The changes are happening because the district is opening two new elementary schools next year and making shifts to reduce elementary class sizes.
Parts of the current Cottonwood territory, for example, will move to the new Elementary #16 under the changes. Some Ridge View and Sunset View territory also will move to that new school.
We tried to meet what people expressed as their needs and concerns around the boundaries. I think we’ve met most everybody’s needs.
Greg Fancher, assistant superintendent of elementary education
The district has drawn up a map of the new boundaries, available at ksd.org.
The boundary changes don’t affect the district’s middle or high schools.
Elementary #16 is under construction in Clearwater Creek. It’s being paid for with a mix of funds, including from a district bond and from a $51 million state grant for K-3 class size reduction.
That class size grant is covering the district’s second new elementary school, being built at the old Desert Hills Middle School site.
That school — known for now as Dual Language Elementary #17 — will house the district’s dual language program, currently at Edison and Hawthorne elementaries.
With the new schools and the boundary changes, the district will be on track to hit its K-3 class size target next year on the west side of the district. The aim is to have no more than 20 students per class.
An addition at Amistad Elementary also is coming down the pike in 2019, which will help Kennewick get to that K-3 class size goal districtwide.
Like the new dual language school, the Amistad addition is being paid for with the state grant, which was awarded last year.
Fancher said the boundary revision process was smooth and productive. “We really appreciate our community. It’s the way public discourse should be,” he said.

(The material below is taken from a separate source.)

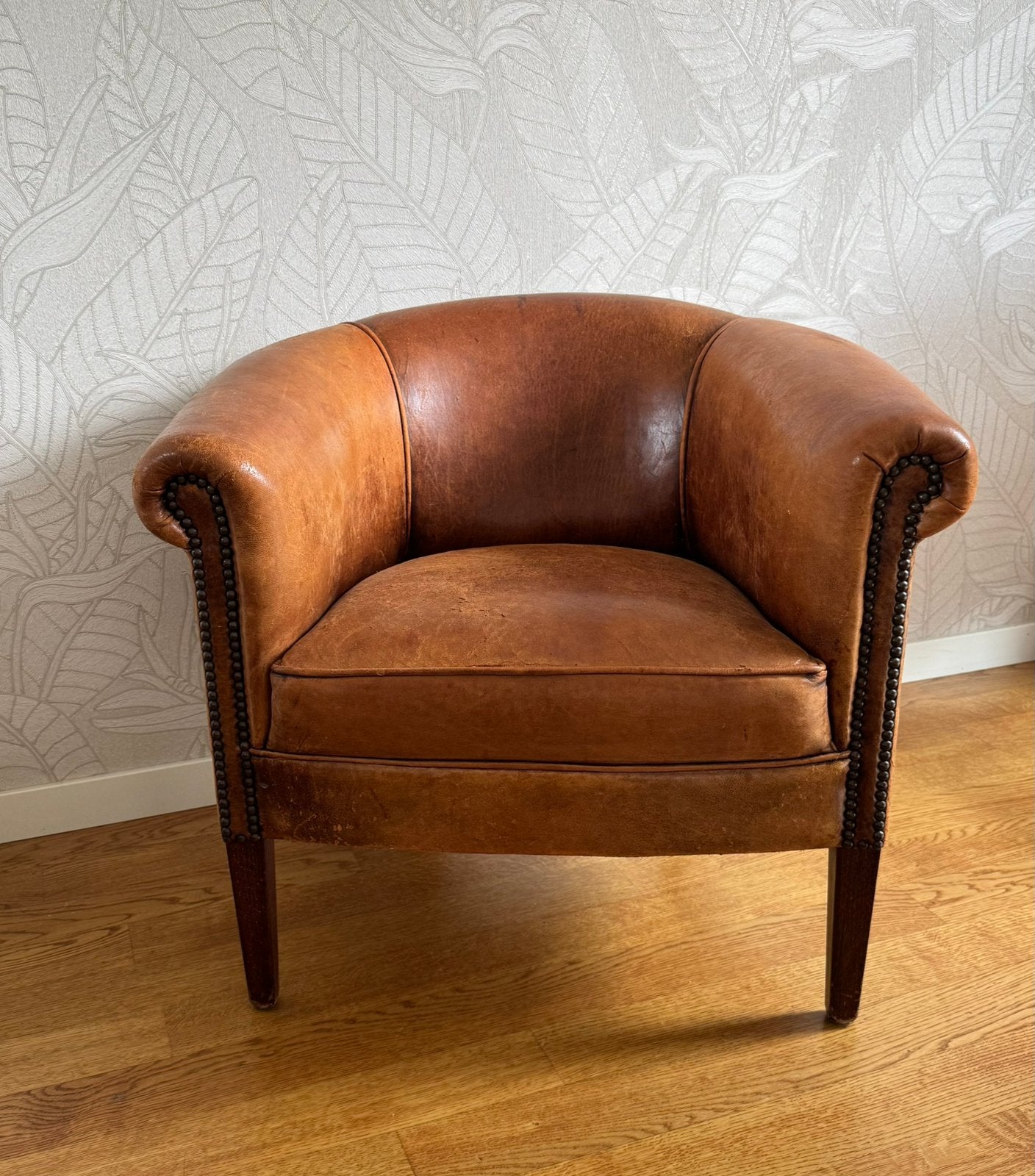 vintage cognackleurige leren clubfauteuil, Huis en Inrichting, Fauteuils, Ophalen, Gebruikt, Leer, 50 tot 75 cm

Kennewick School District is the largest in the Tri-Cities, with about 18,900 students.
It’s seen steady enrollment growth in recent years, gaining about 2,000 students since 2013-14.
Later this month, the district will send out letters notifying K-8 students of the school they’ll attend next year. Students living outside a school’s boundaries may apply for a transfer, with priority given to incoming fifth-graders who want to stay in their school, current district students and finally out-of-district students.
The district is inviting the community to help pick the names, mascots and colors of the two new elementary schools. Suggestions may be submitted at ksd.org and are due by Nov. 17.